EXERCISE GOAL:
Within the data that follows, set down exactly the lines from the one containing "Ester Lee Oceanview Inn - photo 26" through the one containing "#8 DEEP CAST IRON CHICKEN FRYER SKILLET", both ends included.

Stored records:

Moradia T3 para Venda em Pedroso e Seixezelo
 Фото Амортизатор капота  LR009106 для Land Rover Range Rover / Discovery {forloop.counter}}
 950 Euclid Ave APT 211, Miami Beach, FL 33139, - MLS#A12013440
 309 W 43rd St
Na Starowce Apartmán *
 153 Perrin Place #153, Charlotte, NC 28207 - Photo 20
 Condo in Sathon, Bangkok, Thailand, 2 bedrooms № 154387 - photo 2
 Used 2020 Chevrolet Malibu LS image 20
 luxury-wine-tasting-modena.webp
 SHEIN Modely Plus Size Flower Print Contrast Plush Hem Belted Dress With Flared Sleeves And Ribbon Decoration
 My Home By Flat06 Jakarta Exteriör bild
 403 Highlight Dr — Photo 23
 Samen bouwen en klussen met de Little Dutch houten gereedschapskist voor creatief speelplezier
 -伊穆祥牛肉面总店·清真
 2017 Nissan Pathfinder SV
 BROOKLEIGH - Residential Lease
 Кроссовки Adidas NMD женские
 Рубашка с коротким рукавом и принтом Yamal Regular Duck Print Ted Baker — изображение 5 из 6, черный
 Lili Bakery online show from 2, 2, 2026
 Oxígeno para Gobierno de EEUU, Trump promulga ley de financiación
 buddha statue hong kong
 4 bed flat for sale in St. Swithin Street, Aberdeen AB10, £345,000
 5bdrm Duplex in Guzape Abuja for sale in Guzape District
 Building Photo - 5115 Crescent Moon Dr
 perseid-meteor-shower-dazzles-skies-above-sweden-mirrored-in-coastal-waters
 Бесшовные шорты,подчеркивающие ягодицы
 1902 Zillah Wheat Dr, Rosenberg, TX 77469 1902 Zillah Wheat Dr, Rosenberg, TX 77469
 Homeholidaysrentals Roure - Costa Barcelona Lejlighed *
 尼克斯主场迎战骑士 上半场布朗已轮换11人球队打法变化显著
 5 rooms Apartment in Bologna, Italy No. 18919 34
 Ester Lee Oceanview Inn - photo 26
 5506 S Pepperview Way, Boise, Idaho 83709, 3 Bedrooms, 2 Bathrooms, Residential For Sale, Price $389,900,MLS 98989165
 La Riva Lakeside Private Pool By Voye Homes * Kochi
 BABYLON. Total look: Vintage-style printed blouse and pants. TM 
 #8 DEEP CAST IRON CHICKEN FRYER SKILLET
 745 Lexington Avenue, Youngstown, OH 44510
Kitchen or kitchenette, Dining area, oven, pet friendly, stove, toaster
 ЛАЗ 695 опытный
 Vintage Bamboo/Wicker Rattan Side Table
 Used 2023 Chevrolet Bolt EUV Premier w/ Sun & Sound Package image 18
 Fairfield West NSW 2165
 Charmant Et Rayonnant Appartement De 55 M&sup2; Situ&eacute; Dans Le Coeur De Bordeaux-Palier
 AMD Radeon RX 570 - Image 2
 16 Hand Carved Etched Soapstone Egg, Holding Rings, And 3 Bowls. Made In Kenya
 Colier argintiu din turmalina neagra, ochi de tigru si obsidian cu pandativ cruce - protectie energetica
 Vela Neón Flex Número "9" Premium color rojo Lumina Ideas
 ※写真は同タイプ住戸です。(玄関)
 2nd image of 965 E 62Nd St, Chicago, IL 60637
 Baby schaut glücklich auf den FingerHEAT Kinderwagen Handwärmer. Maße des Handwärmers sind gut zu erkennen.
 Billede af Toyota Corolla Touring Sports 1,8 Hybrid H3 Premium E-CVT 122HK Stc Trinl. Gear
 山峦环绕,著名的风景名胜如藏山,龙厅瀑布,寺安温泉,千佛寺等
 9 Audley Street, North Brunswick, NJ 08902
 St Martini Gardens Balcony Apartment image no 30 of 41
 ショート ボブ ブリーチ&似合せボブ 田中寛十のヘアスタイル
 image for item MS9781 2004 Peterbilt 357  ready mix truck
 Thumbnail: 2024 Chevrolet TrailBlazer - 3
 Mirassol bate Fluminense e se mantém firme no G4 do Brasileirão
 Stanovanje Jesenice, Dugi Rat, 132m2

ANSWER SPACE:
 Ester Lee Oceanview Inn - photo 26
 5506 S Pepperview Way, Boise, Idaho 83709, 3 Bedrooms, 2 Bathrooms, Residential For Sale, Price $389,900,MLS 98989165
 La Riva Lakeside Private Pool By Voye Homes * Kochi
 BABYLON. Total look: Vintage-style printed blouse and pants. TM 
 #8 DEEP CAST IRON CHICKEN FRYER SKILLET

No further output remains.